12.01.08
Empire of Depression
Tomdispatch.com
December 1, 2008
Tomgram: Steve Fraser, Empire of Depression
If you want to catch something of the fears and hopes of Americans right now, go to News.Google.com and try searching for a few words. For instance, put in “FDR” — the well-known initials of the man who was president four times and took America through the Great Depression and all but the last months of World War II — and endless screens of references pop up.
The Nation and the National Review have both devoted space to him. Paul Krugman and George Will both thought this was the moment to focus on him. Checking out the headlines you might think that the intervening sixty-four years since his death had simply vanished: (”Will FDR Inspire Obama?” “Obama’s jobs plan could echo FDR’s,” “Clinton’s potential pitfalls seen in FDR’s secretary of State,” Channeling FDR,” “FDR saved capitalism — now it’s Obama’s turn,” and so on); headlines galore, not to speak of that Time Magazine “Obama as FDR?” cover.
Or, if you have another moment, try “the New Deal,” or even the 2008 Obama version of the same,”the new New Deal”; or, if you really want to get a sense of the moment, try “since the Great Depression,” which now seems to be embedded in any article about the present economic situation — as in the “worst crisis since the Great Depression,” or “the worst economic downturn since the Great Depression,” or even “the most severe credit crunch since the Great Depression.” It’s a phrase that hovers between horror and euphemism, between the urge to invoke the word “depression” for our moment and an almost superstitious fear of doing so.
Historian Steve Fraser, author of Wall Street: America’s Dream Palace, has been writing at TomDispatch about both the Great Depression and the possibility of a modern version of the same for some time. Now, he returns to the dawn of the Rooseveltian era to offer a unique and telling comparison — between FDR’s expansive, experimental “brain trust” and Obama’s new “team of rivals.” In his usual fashion, he raises the truly pregnant question: What kind of new administration could actually get beyond Roosevelt’s era as well as our own staggering disaster, leaving “the bailout state” behind us? Tom
Beyond the Bailout State
Roosevelt’s Brain Trust vs Obama’s Brainiacs
By Steve Fraser
On a December day in 1932, with the country prostrate under the weight of the Great Depression, ex-president Calvin Coolidge — who had presided over the reckless stock market boom of the Jazz Age Twenties (and famously declaimed that “the business of America is business”) — confided to a friend: “We are in a new era to which I do not belong.” He punctuated those words, a few weeks later, by dying.
A similar premonition grips the popular imagination today.

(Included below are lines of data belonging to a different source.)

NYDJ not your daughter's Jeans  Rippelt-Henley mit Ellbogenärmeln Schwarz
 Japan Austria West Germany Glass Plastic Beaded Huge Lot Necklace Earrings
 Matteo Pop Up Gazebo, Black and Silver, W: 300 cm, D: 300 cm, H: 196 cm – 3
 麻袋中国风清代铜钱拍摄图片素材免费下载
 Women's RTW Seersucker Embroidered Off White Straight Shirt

A new era beckons. No person has been more responsible for arousing that expectation than President-elect Barack Obama. From beginning to end, his presidential campaign was born aloft by invocations of the “fierce urgency of now,” by “change we can believe in,” by “yes, we can!” and by the obvious significance of his race and generation. Not surprisingly then, as the gravity of the national economic calamity has become terrifyingly clearer, yearnings for salvation have attached themselves ever more firmly to the incoming administration.